One in eight businesses do not have a defined segmentation strategy in place, according to Oliver Wight.
And of those with defined segments, little more than one third (37 per cent) have a go-to-market strategy. The figures come from a poll of delegates at a seminar on demand management in November.
Debbie Bowen-Heaton, partner and demand management specialist at Oliver Wight, said: “Not all customers are the same and businesses have to develop a go-to-market strategy for each segment. Don’t wait; start segmenting now. No matter at what stage of maturity your business is, the information required for segmentation is there. It may not be written down but it is available.”
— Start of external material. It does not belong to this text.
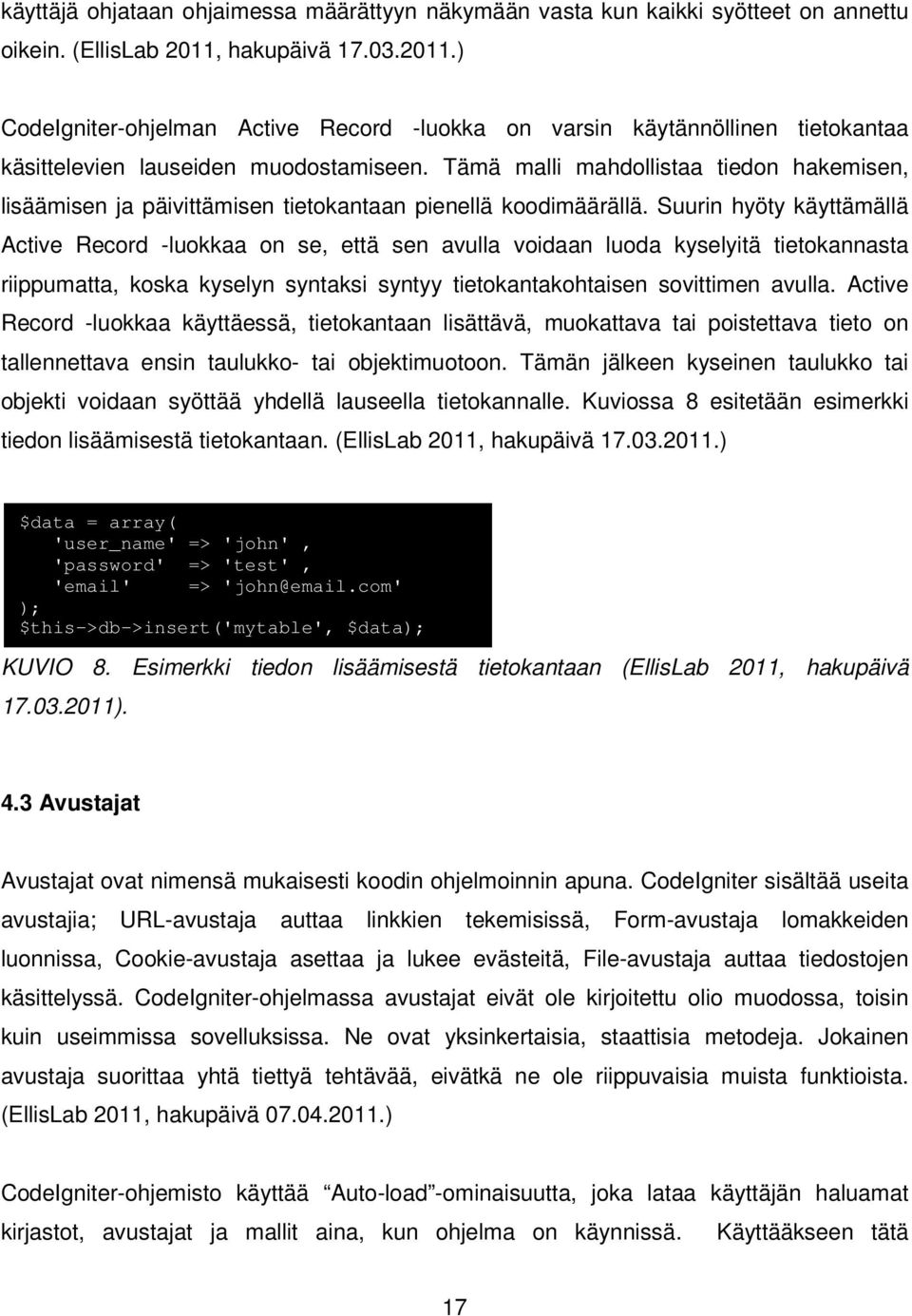 Tämä malli mahdollistaa tiedon hakemisen, lisäämisen ja päivittämisen tietokantaan pienellä koodimäärällä.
The poll also suggested that organisations are not involving the right people when determining their segmentation and demand management process.
Bowen-Heaton said: “It is vital the sales and marketing teams define and deploy the go-to-market strategy, but they are dependent on information and expert recommendation from the insight and analytics teams. Equally, the supply chain will have to propose and deploy a strategic supply chain response. Therefore you must involve cross-functional teams in the demand planning and segmentation process to succeed long term.”
Oliver Wight argues that planning 18-24 months in advance is now no longer enough; a 36-month horizon is becoming the standard for successful businesses. But, the poll suggested that even some of the well-known businesses are behind in their segmentation and demand processes, critically hampering their ability to anticipate and meet future demand.